Why's This Shit Broken?

If you were a fly in our Dogpatch apartment during the late weeks of December, you would hear my cofounder and I barking the same sentence back and forth to each other. "Why's this shit broken?"

Turns out we would decide to dedicate our 20s to trying to answer that question for other engineers.

Ashr started similarly to many of the AI startups reading this post, with the thesis that AI was a fundamentally driving force that would revolutionize the way entire sectors do business. We worked with SMBs: automating workflows, scheduling, and payroll.

The whole way through this process, we struggled. Clients wouldn't let us use their employee's payroll information as a testing ground for an AI system, current clients wouldn't be representative of every case or the scale at which we wanted to operate, and no existing testing suite was malleable enough to fit our seemingly esoteric use-case.

We thought this was due to the novelty of our space; there had been no other AI-native service primarily targeting this side of the SMB space.

When we generated test suites with Claude Code, Cursor, or Codex, they would test basic schema-matching, but would collapse at catching subtle silent fails and would not warn us when the tooling wasn't set up for the agent to retrieve information.

Further, these agents completely failed to validate the quality of responses. For any good agentic service, calling the right tools and delivering a truly high-quality response go hand-in-hand to pushing a good product.
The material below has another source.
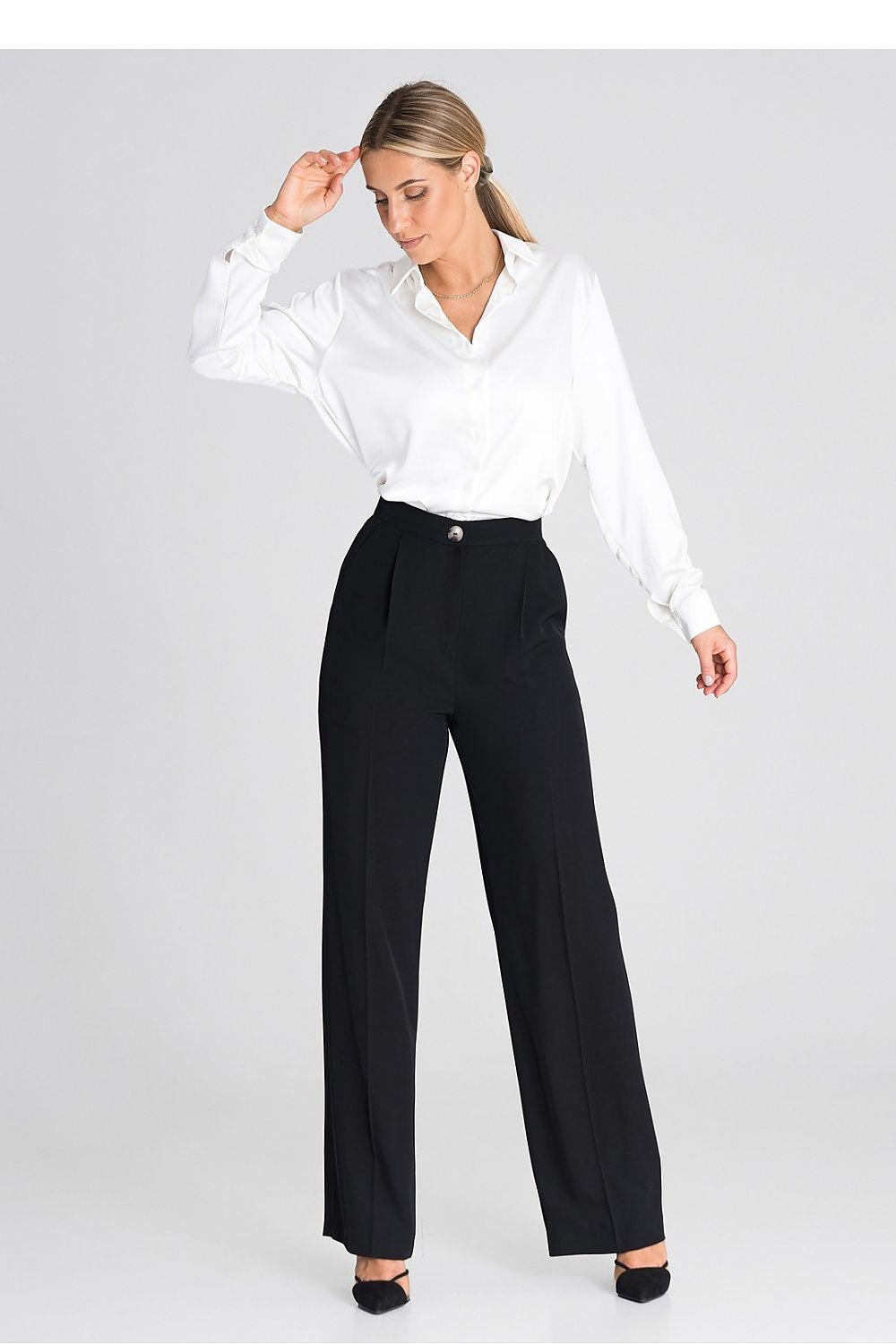 Professional Women's Wide-Leg Pants – High-Rise Button Front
Then we ventured out, talking to founders. Voice agent companies testing their software manually, driving themselves crazy by speaking to their agent to test every tool path. Companies working in banking, legal, and healthcare without the ability to test features not currently encompassed by the limited data they have access to.

We knew one thing: current testing infrastructure is structurally broken and doesn't match the speed of development.

What's more: quality assurance was completely absent. With no evaluation metric or North Star to look towards or compare their results with, teams are left in the dark as to the true utility or accuracy of their product.

So, in week 3 of YC, we took a step forward, and completely pivoted.

We want to work to help other founders improve their products before customers complain. We're providing testing and evaluation as a service, because the speed of testing and quality validation should match the speed at which we now code.